Tidak hanya berziarah ke makam Baqi dan Uhud, baginda dalam riwayat yang lain juga pernah diceritakan telah berziarah ke makam ibunda beliau saw. (sayyidah Aminah binti Wahab). Dan Mayoritas dalam empat mazhab mu‘tabar membolehkan dan bahkan menghukumi sunnah berziarah kubur.

Kaitannya dengan tradisi ziarah kubur sebelum perayaan Ied atau di hari raya Ied yang dilakukan oleh masyarakat Nusantara baik di Indonesia, Malaysia, Singapura dan Brunei. Maka hal demikian sebetulnya masuk dalam ranah kebolehan atau kesunnahan ziarah kubur di atas. Sebab dalil ziarah kubur tidak membatasi harus dilakukan di hari tertentu.

Hanya Syeikh Amru Wardani dalam siaran langsung Dār al-Iftā’ yang juga diwartakan oleh koran al-Balad pada 13 Mei 2021 yang menyampaikan bahwa fenomena ziarah Kubur di hari pertama Ied yang dilakukan oleh beberapa masyarakat Mesir pada dasarnya menyalahi hal yang utama. Maksudnya adalah bahwa ziarah kubur itu sunnah sebagaimana pendapat mayoritas ulama berbagai mazhab dan hari Ied merupakan hari perayaan dan kesenangan. Jika dengan berziarah itu menyebabkan hati sedih maka seyogyanya tidak dilakukan sebab hari itu semestinya menjadi hari kegembiraan.

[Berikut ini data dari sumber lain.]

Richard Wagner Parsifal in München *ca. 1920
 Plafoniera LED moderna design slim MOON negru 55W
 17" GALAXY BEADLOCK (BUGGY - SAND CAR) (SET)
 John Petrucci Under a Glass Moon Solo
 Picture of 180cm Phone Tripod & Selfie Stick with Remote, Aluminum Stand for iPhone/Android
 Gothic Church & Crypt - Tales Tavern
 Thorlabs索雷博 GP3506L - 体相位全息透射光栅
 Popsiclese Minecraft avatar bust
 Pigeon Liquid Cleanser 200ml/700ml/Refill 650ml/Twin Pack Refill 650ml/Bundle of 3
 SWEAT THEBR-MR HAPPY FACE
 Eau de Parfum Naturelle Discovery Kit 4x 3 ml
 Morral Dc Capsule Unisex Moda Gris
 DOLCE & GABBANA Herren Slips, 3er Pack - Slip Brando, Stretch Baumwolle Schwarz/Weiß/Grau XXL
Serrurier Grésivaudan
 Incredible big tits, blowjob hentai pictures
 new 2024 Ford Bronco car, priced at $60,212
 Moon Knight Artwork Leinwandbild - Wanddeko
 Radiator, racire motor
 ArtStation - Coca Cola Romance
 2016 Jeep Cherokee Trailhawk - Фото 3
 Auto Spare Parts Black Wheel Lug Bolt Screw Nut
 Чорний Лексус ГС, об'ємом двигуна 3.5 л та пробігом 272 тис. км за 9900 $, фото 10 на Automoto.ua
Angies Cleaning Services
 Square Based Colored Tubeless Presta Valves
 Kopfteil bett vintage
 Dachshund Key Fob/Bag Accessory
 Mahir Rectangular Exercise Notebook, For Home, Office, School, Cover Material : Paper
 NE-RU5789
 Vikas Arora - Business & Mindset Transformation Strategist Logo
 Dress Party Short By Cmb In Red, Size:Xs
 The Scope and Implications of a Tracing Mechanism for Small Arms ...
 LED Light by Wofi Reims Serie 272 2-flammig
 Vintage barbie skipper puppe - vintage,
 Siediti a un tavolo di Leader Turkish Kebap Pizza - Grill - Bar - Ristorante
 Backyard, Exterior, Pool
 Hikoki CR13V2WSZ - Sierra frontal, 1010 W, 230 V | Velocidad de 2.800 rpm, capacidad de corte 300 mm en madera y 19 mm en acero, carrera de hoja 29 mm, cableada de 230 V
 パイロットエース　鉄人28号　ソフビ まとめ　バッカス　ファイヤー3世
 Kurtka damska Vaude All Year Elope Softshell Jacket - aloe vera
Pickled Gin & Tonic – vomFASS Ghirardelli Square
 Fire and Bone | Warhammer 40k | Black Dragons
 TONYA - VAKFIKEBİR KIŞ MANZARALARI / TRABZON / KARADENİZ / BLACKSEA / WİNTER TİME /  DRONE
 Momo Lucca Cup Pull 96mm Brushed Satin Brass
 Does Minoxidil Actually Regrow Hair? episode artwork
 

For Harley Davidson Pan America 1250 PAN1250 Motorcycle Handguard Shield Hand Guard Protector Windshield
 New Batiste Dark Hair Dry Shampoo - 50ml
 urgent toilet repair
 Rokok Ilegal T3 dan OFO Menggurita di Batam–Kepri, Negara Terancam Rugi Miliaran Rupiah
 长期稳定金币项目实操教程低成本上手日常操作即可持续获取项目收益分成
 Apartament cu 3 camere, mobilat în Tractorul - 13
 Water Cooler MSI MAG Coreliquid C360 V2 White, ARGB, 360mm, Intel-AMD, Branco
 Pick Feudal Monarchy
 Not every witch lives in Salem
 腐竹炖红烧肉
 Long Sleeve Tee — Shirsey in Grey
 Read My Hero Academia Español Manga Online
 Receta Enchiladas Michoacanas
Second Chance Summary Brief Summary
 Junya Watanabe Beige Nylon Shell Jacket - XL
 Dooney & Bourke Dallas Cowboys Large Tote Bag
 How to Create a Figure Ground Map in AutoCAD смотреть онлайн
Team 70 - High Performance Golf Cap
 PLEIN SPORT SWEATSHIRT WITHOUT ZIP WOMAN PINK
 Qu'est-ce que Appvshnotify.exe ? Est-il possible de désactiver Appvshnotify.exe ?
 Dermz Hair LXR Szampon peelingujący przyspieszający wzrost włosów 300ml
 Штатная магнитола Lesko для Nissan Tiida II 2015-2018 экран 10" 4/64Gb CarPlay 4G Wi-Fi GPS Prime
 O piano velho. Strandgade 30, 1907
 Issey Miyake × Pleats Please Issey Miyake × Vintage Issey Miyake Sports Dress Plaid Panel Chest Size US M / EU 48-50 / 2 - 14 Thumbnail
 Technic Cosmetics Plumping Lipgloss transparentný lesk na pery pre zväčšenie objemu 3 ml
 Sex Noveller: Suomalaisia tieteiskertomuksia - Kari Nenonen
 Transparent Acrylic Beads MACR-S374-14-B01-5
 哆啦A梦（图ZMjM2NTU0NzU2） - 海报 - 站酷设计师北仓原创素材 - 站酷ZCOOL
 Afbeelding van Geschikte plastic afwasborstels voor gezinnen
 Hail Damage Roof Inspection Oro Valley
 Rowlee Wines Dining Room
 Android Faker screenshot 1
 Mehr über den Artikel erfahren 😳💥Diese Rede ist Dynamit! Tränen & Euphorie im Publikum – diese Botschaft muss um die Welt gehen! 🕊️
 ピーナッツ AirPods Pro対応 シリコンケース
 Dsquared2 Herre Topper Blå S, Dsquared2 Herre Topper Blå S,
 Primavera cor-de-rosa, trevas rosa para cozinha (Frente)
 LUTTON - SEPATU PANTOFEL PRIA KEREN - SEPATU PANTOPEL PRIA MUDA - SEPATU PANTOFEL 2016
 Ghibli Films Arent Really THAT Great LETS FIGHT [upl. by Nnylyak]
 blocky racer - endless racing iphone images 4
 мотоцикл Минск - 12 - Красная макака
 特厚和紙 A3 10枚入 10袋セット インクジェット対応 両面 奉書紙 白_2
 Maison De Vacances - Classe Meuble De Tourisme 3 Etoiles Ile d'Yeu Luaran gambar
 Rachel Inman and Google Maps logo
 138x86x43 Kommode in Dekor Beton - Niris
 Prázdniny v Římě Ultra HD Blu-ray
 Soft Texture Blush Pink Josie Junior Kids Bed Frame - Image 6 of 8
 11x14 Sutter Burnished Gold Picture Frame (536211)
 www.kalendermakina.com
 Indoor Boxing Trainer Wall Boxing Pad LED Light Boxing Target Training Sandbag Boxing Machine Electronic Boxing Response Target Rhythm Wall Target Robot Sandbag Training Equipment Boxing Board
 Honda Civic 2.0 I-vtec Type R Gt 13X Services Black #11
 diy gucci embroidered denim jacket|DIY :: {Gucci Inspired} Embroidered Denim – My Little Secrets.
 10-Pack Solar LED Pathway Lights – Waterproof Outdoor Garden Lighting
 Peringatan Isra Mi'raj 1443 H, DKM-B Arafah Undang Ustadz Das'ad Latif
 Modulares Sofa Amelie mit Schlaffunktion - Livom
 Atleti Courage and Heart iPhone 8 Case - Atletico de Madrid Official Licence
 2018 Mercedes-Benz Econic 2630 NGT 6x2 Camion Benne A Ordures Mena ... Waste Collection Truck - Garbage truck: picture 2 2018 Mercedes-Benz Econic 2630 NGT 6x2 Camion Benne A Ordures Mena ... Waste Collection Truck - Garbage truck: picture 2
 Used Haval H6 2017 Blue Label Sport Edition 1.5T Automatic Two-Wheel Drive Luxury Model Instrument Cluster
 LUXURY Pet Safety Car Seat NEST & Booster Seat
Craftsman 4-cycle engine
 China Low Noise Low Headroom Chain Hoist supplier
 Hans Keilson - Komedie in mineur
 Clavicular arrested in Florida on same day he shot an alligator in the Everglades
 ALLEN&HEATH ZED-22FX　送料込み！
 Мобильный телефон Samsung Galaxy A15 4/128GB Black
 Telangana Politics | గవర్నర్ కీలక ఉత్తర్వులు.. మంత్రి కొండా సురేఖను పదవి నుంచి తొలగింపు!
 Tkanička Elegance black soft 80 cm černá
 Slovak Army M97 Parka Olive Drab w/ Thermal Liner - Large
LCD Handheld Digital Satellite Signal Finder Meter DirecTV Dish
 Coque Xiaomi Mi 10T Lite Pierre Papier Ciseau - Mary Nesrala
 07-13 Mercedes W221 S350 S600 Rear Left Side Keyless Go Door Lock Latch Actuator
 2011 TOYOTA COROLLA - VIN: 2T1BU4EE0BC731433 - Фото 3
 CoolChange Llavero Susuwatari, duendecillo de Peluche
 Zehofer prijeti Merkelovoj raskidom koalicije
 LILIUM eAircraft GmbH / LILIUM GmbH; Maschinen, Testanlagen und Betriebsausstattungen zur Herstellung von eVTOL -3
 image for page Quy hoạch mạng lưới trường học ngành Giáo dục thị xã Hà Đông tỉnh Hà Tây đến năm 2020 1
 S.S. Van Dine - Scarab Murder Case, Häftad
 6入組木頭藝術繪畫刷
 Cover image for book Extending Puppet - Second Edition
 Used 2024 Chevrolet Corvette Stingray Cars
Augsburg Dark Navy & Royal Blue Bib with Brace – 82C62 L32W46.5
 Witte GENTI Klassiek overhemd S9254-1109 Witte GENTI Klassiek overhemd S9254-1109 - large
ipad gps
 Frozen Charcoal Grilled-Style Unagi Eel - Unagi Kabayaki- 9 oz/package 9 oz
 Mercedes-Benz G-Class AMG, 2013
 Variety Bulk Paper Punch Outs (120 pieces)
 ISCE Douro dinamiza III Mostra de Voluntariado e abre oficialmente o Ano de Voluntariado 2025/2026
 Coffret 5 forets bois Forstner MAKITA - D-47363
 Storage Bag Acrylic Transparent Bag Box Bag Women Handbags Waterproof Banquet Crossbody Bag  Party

Namun jika kegembiraan hari Ied itu tidak berubah sebab berziarah maka tidaklah mengapa. Walau demikian beliau tidak mengharamkan ziarah kubur di hari Ied yang dapat berujung pada hati yang sedih sebab mengenang keluarga yang telah wafat, hanya jika ziarah berujung kesedihan maka afdhalnya ditinggalkan sebab khilāf al-awlā.

Pendapat demikian juga sebelumnya telah disampaikan oleh Syeikh Majdi Asyur, Amīn al-Fatwā Dār al-Iftā’ al-Maṣriyyah dalam laman facebook Dār al-Iftā’ yang juga diwartakan oleh koran al-Yaum al-Sābi‘ 3 Juni 2019. Dalam koran Akhbār al-Yawm 15 Mei 2021, Syeikh Syauqi Allam, Mufti Dār al-Iftā’ al-Maṣriyyah menggariskan bahwa ziarah kubur disunnahkan pada hari apapun, bahkan ziarah kubur akan mempunyai keutamaan tersendiri saat dilakukan di hari-hari yang penuh berkah, semisal di hari Ied. Sebab di hari tersebut ziarah kubur dapat dimaknai sebagai bentuk silaturrahim pada kerabat yang telah wafat atau kebaktian seorang anak pada orang tua yang wafat dengan mendoakan mereka. Hanya, ziarah di hari Ied harus dapat menjaga hati dari kesedihan dan menjaga lisan dari penyesalan atau ratapan-ratapan kesedihan.

Dengan demikian, tradisi ziarah kubur yang dilakukan oleh masyarakat Indonesia saat hari Ied adalah boleh bahkan baik jika tidak sampai membuat hati sedih. Terlebih jika ziarah itu dilakukan sebelum atau menjelang esok hari Ied atau setelah hari Ied dengan maksud mendoakan keluarga yang wafat, maka tidak menyalahi akan keharusan bergembira di hari Ied sebab aktifitas ziarah dilakukan di pra dan pasca hari Ied. Wa Allāh A’lam.